Secondo il più recente rapporto del Pen Belarus, associazione liquidata dal regime di Aleksander Lukashenko nell’agosto 2020, «almeno 1.900 rappresentanti del mondo culturale sono stati vittime di persecuzioni e censura per motivi politici», evidenziando come «alcune repressioni sono ignote agli stessi difensori dei diritti umani e al pubblico».
Il desiderio di un Paese diverso, rivendicato dai manifestanti scesi nelle strade di Minsk dopo le elezioni truccate del 9 agosto 2020, ma anche il terrore per i propri cari, intrappolati nel regime del presidente: sono le due estremità emotive che vive ogni giorno Arthur Vakarov, tra i più riconosciuti designer bielorussi, ora in Polonia come rifugiato. Vakarov, grazie sostegno del Pen, ha realizzato il progetto Bielorussia: 30 anni di regime in 30 manifesti, che nell’ambito di un tour espositivo che ha già toccato Vilnius, Varsavia, Danzica, Stoccolma e Tallinn, fino al 9 marzo fa tappa in Italia, a Brescia, a Palazzo Martinengo Colleoni con un catalogo curato da Giulia De Florio di Memorial Italia.
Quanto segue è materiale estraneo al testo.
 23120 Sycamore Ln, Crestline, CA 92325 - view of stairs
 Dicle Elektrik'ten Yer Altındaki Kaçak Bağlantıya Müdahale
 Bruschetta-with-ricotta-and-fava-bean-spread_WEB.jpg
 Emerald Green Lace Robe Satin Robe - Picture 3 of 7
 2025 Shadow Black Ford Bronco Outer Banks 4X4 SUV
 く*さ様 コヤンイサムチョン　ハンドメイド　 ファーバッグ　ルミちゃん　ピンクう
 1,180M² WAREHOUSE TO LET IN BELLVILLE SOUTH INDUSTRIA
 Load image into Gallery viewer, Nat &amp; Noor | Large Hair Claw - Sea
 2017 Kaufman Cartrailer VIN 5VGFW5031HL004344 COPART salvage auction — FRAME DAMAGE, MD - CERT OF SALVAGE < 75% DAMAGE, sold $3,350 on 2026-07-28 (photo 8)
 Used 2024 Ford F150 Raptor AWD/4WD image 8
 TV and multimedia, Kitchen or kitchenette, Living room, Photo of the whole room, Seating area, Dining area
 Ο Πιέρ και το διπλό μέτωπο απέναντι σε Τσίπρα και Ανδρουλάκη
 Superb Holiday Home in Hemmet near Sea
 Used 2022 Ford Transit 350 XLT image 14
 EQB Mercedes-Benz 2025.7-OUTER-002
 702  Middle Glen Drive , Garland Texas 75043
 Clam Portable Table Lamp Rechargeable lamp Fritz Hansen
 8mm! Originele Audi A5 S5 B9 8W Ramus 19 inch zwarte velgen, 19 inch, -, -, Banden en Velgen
Vakarov, com’è nata l’idea di rappresentare la storia del suo Paese attraverso trenta manifesti?«Alcuni mesi prima delle ultime elezioni farsa, il triste anniversario dei trent’anni di dittatura di Lukashenko mi ha dato ispirazione per la creazione di diverse immagini, che in seguito ho selezionato per produrre questi manifesti».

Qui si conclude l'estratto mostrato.